The Times speaks ominously of bin Laden’s “humiliation” of President Bush and the vow to do the same thing to the next commander-in-chief. But, in its selective analysis, the paper fails to note that bin Laden has suffered his own humiliations at the hands of the U.S., most notably the near-collapse of his affiliate in Iraq. A fight he once described as essential in the “war against the crusaders” has become a graveyard for Al Qaeda.
And, in what must be viewed as a personal insult, many of our recent “decapitation” missions along the Pakistan border have been aimed at bin Laden’s deputy, Ayman al-Zawahiri, rather than bin Laden. Critics argue that we target Al-Qaeda’s #2 leader (and Taliban commanders) because we don’t know where bin Laden is.
There’s an element of truth in that, but it’s also clear that bin Laden’s “security requirements” have left him isolated, with little impact on Al Qaida’s operations. Simply stated, the death of Zawahiri would have a far greater impact on the group than the loss of Osama bin Laden.
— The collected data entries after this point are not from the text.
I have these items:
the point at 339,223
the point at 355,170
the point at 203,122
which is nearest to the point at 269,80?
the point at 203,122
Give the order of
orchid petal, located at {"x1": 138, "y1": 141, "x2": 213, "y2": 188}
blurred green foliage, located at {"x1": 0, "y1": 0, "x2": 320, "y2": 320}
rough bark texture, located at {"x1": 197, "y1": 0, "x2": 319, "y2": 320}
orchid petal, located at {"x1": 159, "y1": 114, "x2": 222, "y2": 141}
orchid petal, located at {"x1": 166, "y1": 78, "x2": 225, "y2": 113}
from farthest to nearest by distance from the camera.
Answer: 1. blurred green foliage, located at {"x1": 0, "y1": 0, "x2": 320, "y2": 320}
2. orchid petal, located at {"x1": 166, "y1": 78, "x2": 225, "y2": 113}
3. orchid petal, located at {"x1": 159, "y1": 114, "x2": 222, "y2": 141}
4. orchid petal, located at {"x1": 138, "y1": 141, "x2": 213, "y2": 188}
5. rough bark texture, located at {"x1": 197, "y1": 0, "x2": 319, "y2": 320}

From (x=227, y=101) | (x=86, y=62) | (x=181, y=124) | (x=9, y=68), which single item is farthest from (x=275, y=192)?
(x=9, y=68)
That must be galling for a terrorist who has always stressed his jihadist roots, dating back to his battles against the Soviets in Afghanistan.
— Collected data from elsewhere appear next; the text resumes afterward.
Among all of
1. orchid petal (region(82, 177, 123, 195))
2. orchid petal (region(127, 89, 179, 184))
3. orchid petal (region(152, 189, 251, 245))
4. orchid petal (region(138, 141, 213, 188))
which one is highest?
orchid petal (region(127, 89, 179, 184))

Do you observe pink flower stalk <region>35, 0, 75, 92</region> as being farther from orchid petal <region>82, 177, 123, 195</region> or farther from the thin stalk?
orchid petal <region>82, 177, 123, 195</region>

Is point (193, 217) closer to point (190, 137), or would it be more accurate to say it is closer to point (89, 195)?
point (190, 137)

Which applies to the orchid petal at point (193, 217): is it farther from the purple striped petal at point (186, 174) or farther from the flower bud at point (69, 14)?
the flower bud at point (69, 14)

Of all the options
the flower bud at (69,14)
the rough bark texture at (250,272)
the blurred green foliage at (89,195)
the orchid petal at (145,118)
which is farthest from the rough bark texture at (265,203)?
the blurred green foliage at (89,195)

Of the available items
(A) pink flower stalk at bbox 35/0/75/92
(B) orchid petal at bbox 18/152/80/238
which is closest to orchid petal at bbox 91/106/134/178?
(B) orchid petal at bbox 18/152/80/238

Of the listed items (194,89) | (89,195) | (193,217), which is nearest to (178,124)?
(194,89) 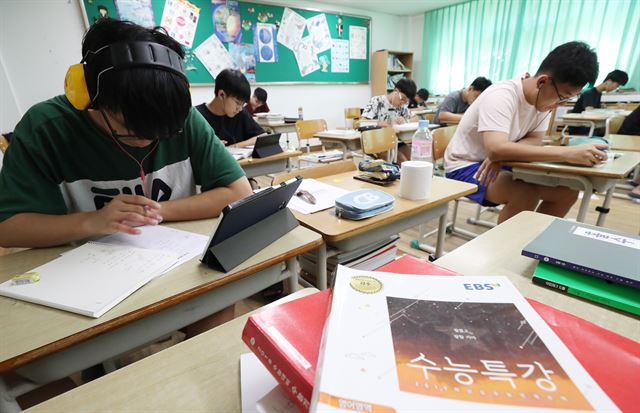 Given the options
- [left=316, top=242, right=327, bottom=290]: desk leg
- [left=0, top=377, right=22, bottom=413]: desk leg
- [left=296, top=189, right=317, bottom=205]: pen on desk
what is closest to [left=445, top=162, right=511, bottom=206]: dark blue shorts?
[left=296, top=189, right=317, bottom=205]: pen on desk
But the bin Laden of 2008 is not the mujaheddin of the mid-80s, or even the terrorist mastermind of 2001. He’s a terror leader who gambled on Iraq (and is losing badly), and has suffered bruising setbacks in other locations, including Somalia. His global affiliates have had some success (as evidenced by the European transit attacks a few years ago), but they have been unable to capitalize on those strikes. The result is a terror organization that remains decentralized, with untested commanders at many levels, and a leader who is largely out of the operational loop. Al-Qaeda remains dangerous, but it is does not pose the same threat it did seven years ago.
In that context, we’d say that bin Laden’s recent propaganda blasts received the level of attention they deserved. Otherwise, save the terrorist spin for the willing dupes at the Los Angeles Times.